J'ai le papier entre les mains. Il y était écrit, néanmoins, comme pour que tout le monde redescende sur Terre, un peu pour rapprocher le film de l'auditoire aussi, que "Tom Ford réalise un portrait à hauteur d'homme". Fuck, non! Pourquoi "à hauteur d'homme"? Pourquoi écrire un tel mensonge? Failli m'étouffer. Le film est tout sauf à hauteur d'homme... Ce film, c'est de la haute couture. De la haute couture comme l'est une sacoche à mille piastres et comme les complets pour hommes singuliers signés du même Tom Ford : hors de prix.

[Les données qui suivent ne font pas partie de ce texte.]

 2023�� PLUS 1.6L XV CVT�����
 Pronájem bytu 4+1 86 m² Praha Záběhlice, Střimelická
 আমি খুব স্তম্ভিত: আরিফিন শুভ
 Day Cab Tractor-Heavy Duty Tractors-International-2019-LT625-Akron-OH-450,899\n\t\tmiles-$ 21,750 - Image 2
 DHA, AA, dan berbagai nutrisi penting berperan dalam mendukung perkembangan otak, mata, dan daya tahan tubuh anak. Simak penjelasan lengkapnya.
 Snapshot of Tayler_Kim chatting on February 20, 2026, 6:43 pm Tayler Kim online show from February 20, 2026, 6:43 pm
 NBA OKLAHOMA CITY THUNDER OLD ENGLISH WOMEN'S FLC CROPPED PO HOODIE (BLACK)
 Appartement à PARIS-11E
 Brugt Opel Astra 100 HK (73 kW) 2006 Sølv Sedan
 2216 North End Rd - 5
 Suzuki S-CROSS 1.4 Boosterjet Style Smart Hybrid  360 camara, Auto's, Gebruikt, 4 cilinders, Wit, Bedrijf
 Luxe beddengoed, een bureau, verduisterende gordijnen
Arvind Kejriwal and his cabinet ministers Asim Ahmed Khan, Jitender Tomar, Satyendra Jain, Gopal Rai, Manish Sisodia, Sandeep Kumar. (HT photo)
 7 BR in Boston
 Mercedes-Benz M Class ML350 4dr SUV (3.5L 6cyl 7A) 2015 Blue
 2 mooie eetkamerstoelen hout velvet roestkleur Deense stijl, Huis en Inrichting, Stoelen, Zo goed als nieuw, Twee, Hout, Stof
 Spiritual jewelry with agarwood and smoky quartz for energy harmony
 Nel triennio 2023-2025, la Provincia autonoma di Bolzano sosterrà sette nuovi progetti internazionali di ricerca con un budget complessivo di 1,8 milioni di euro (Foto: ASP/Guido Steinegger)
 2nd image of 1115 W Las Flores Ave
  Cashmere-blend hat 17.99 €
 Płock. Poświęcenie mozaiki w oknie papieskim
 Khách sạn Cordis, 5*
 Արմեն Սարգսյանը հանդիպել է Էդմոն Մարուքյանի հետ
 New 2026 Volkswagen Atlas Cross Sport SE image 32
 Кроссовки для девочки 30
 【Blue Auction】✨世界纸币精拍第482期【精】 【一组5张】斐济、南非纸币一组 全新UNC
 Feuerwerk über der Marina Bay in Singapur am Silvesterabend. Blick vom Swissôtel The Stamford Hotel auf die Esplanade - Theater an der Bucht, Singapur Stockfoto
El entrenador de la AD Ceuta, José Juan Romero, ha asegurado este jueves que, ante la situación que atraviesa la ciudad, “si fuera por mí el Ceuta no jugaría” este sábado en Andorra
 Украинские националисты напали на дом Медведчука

Alors, prêt-à-porter mon oeil.
Ce film-là, dans son esthétisme qui s'accroche à des lignes pures, à l'attention démesurée qu'il porte à des détails (les boutons de manchettes, les gestes millimétrés du professeur de littérature dans un département cossu, les manies aseptisées du dandy qu'il est, les couleurs monochromes recherchées). Le professeur Falconer a tout du personnage de Des Esseintes dans À rebours, de Jori-Karl Huysmans.
La critique, elle a raison sur le fond. Tout ça c'est un peu vrai que c'est beau, mais de la manière dont c'est dit, on a envie, comme le professeur Falconer, de se tirer une balle. Lire le journal, c'est chaque jour, lire les mêmes inepties.